Geographical location: The location where the vehicle is registered and primarily used can impact its IDV. Factors such as the prevalence of accidents, theft rates, and regional repair costs may be considered while calculating the IDV.
Additional factors affecting IDV calculation
Apart from the primary factors mentioned above, a few additional elements can impact the calculation of IDV in motor insurance. Let's delve into these factors to gain a comprehensive understanding:
No Claim Bonus (NCB): No Claim Bonus is a reward that bike and car insurance companies provide to policyholders for not filing claims during the policy term. NCB can lead to a reduction in the premium amount during policy renewal. The IDV calculation does not directly impact it.
Insured's declared mileage: The annual mileage declared by the policyholder can also indirectly impact the IDV calculation. Higher mileage indicates more vehicle usage and wear and tear, which can result in a higher depreciation percentage. On the other hand, lower mileage can lead to a relatively lower depreciation percentage.
Market conditions: Fluctuations in the market can influence the IDV calculation. Factors such as changes in the prices of vehicles, spare parts, and repair costs can impact the overall valuation of the vehicle. Insurance companies consider the prevailing market conditions while determining the IDV to ensure it reflects the vehicle's current value.

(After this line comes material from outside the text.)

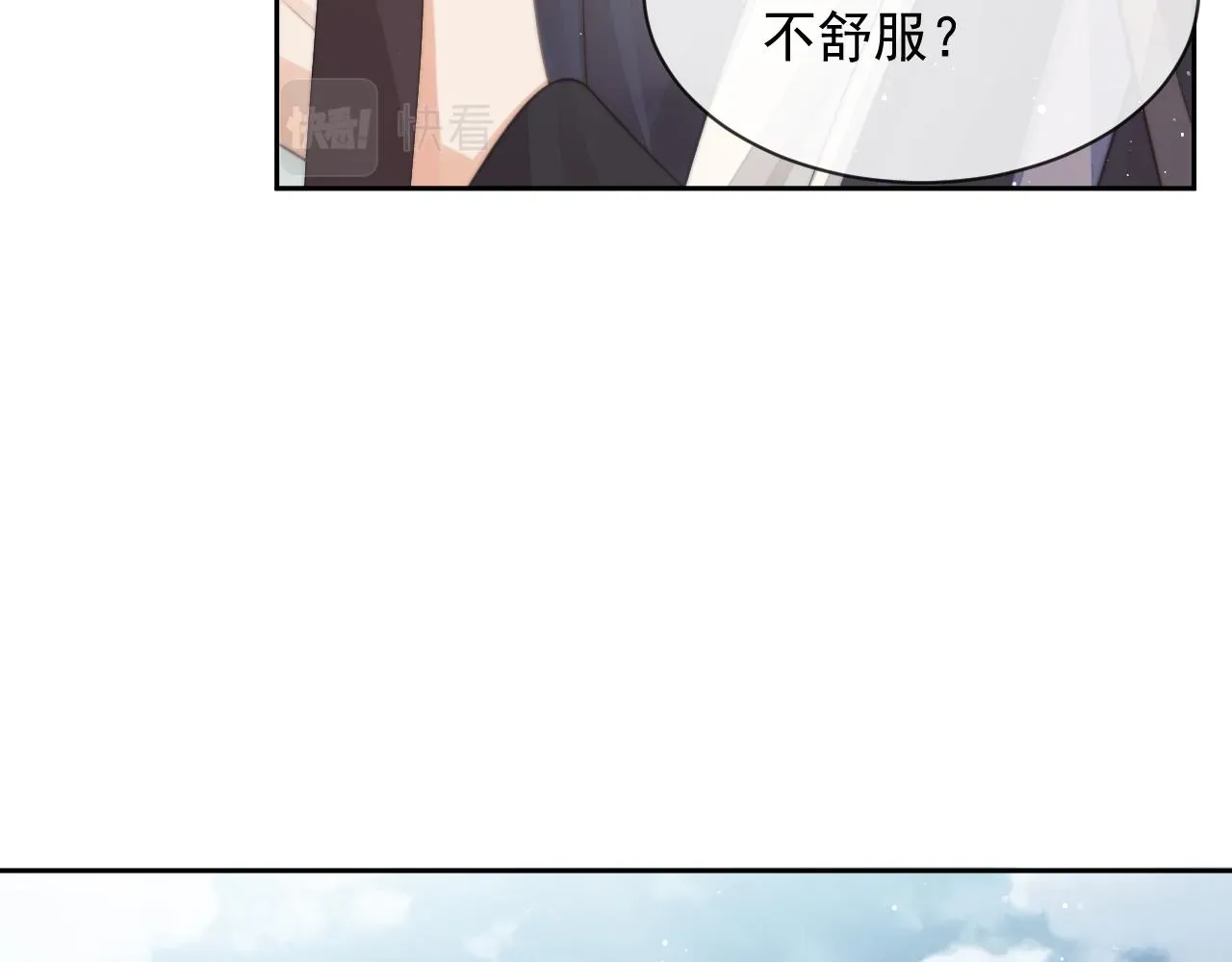 独占病美人师尊 第75话 争吵 第9页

Insurance add-ons: Insurance add-ons or riders provide additional coverage options to policyholders, such as zero depreciation cover, engine protection, or roadside assistance. The inclusion of these add-ons may affect the IDV calculation. Some add-ons may increase the IDV slightly due to their enhanced coverage, while others may not directly impact the IDV.
NCB example
Let's say you have a two-year-old car with an estimated IDV of Rs.8,00,000. Suppose the policyholder has accumulated a No Claim Bonus of 25% over the years and has declared an annual mileage of 10,000 kilometres. Taking these factors into account, the insurance company adjusts the IDV calculation as follows:
IDV = Rs.8,00,000 - (25% of Rs.8,00,000)
In this case, the No Claim Bonus reduces the premium payable during renewal but does not directly impact the IDV. However, it is essential to provide accurate information about the NCB and declared mileage to ensure fair calculations and avoid any discrepancies in claim settlements.
IDV calculation formula
While different car and bike insurance companies may employ slightly varying methods, the general formula for IDV calculation in India is as follows:
IDV = (Manufacturer's Listed Price - Depreciation) + (Value of Accessories - Depreciation)

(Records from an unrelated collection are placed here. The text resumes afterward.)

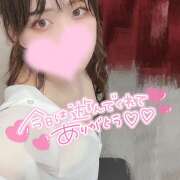 ヒメ日記 2025/06/08 09:10 投稿 あず 神田エマニエル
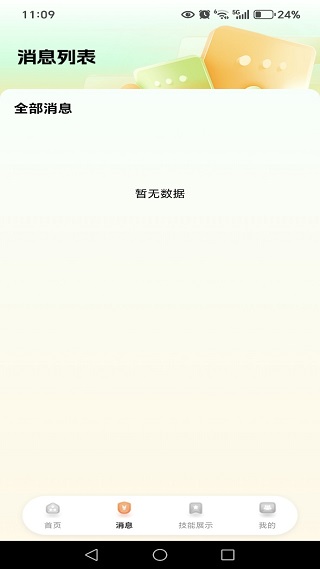 ������ְ�ս�app����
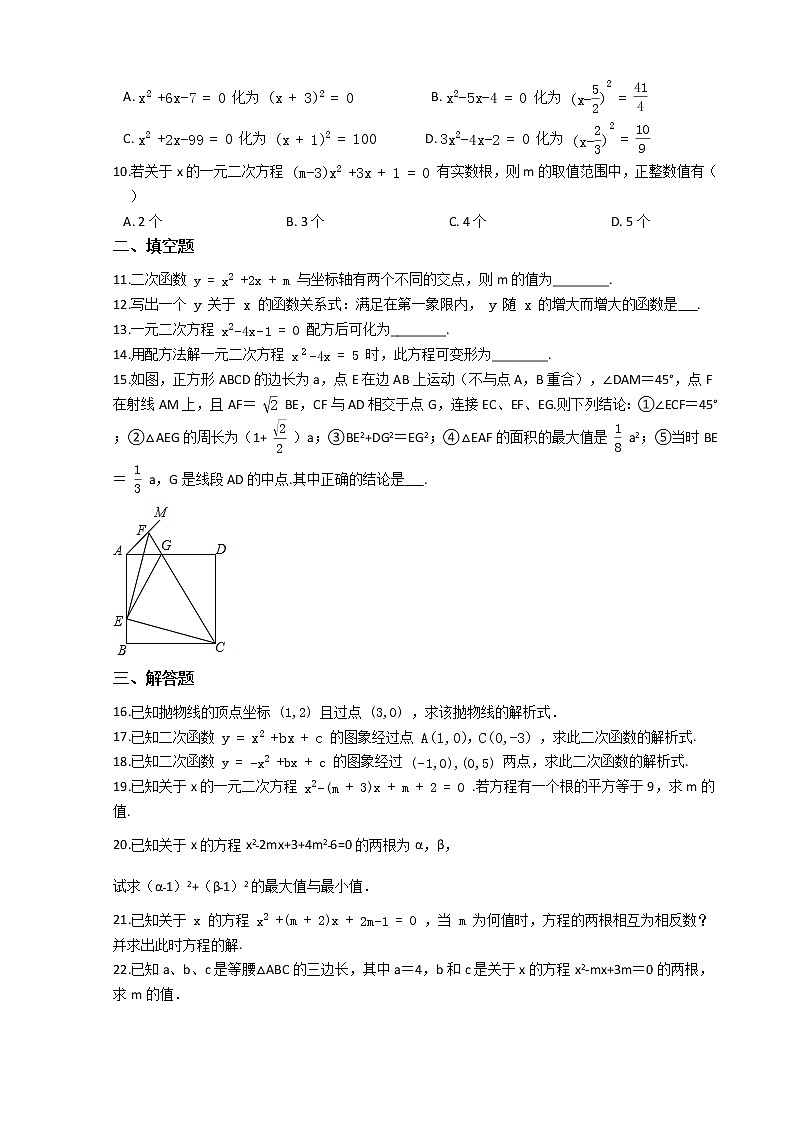 第一学期九年级数学第21、22章 期末综合复习练习卷（人教版）第2页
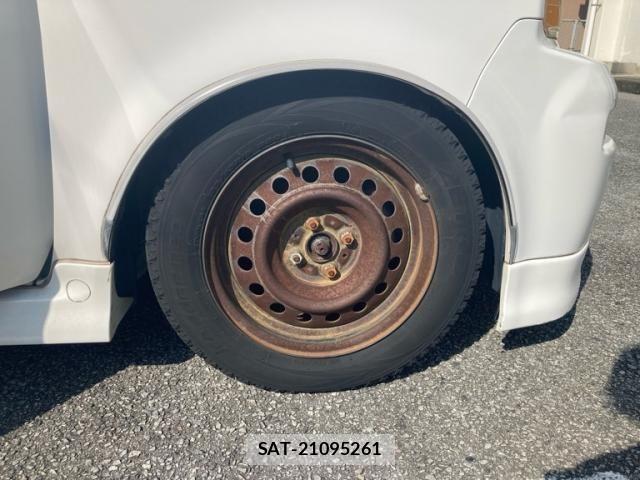Toyota BB 2005-10 8228987-5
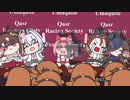 たぬきのあなぐら-新築６か所目-【たぬき(ウマ娘)】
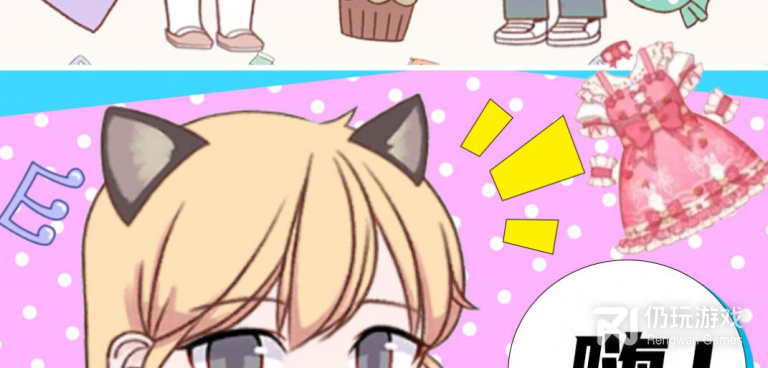 模拟换装类游戏手游合集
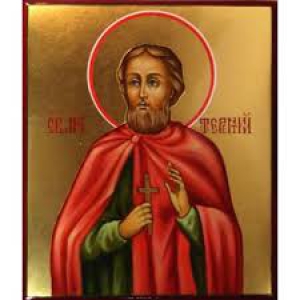 Терентий Сирийский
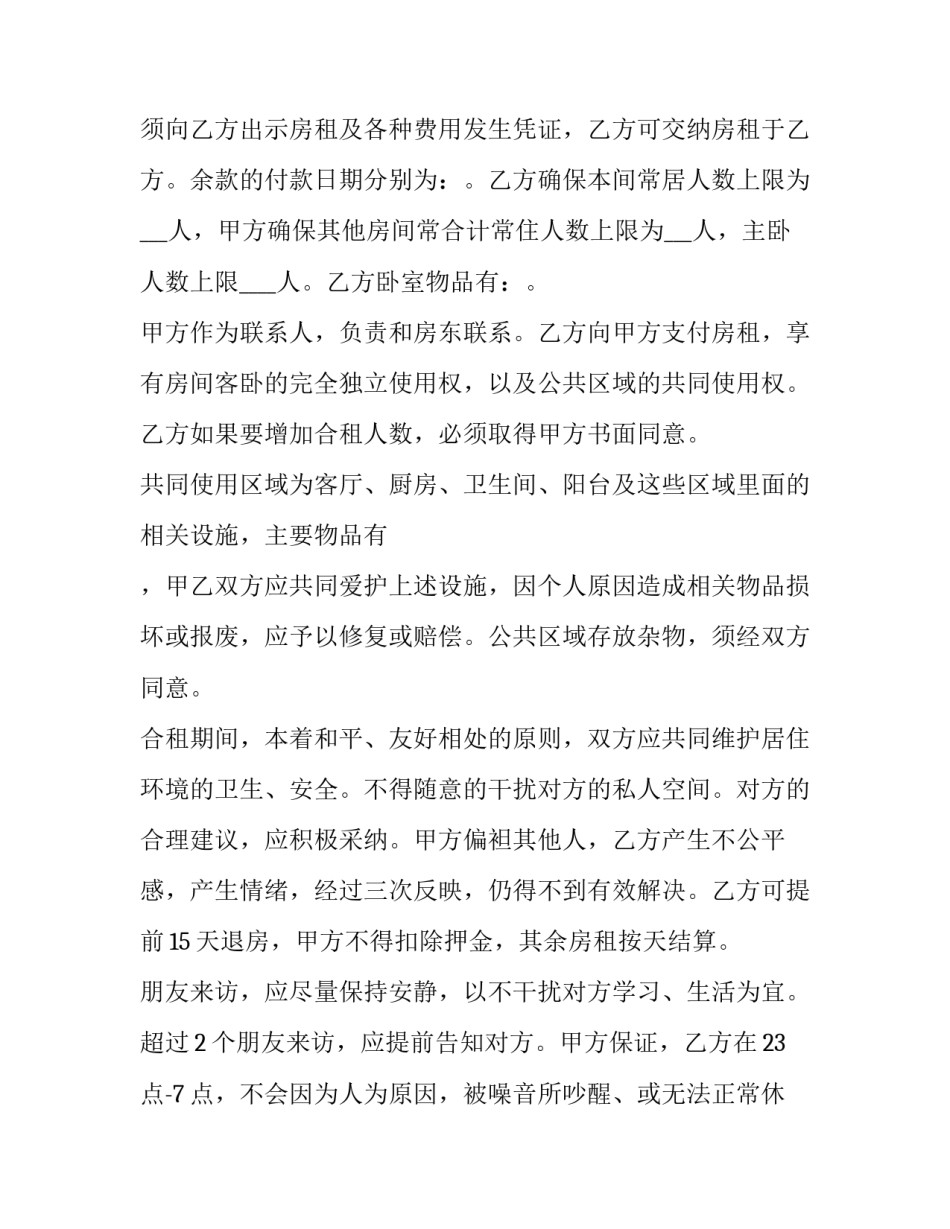 2023年合租房合同 合租房合同简易(十三篇)_第2页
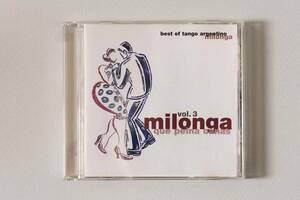 best of tango argentino / milonga vol.3 que peina canas DZ30007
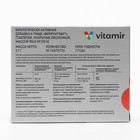 Феррумтабс, фумарат железа, 30 таблеток - Фото 3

The percentage of depreciation varies depending on the age of the vehicle. Typically, insurance companies follow a standardised depreciation schedule:
For vehicles up to six months old: 5% depreciation
For vehicles between six months and one year old: 15% depreciation
For vehicles between one and two years old: 20% depreciation
For vehicles between two and three years old: 30% depreciation
For vehicles between three and four years old: 40% depreciation
For vehicles between four and five years old: 50% depreciation
Importance of accurate IDV
Having an accurate IDV is crucial for both the policyholder and the insurer. For the policyholder, an optimal IDV ensures adequate coverage, ensuring they receive a fair claim settlement amount. For the insurer, an accurate IDV helps mitigate the risk of overpaying or underpaying claims, thereby maintaining profitability and actuarial fairness.
In Conclusion
Understanding how IDV is calculated empowers policyholders to make informed decisions while purchasing motor insurance in India. The process considers the vehicle's age, manufacturer, modifications, and geographical location. By comprehending the significance of IDV, you can choose an insurance policy that aligns with your vehicle's value and adequately safeguards your financial interests.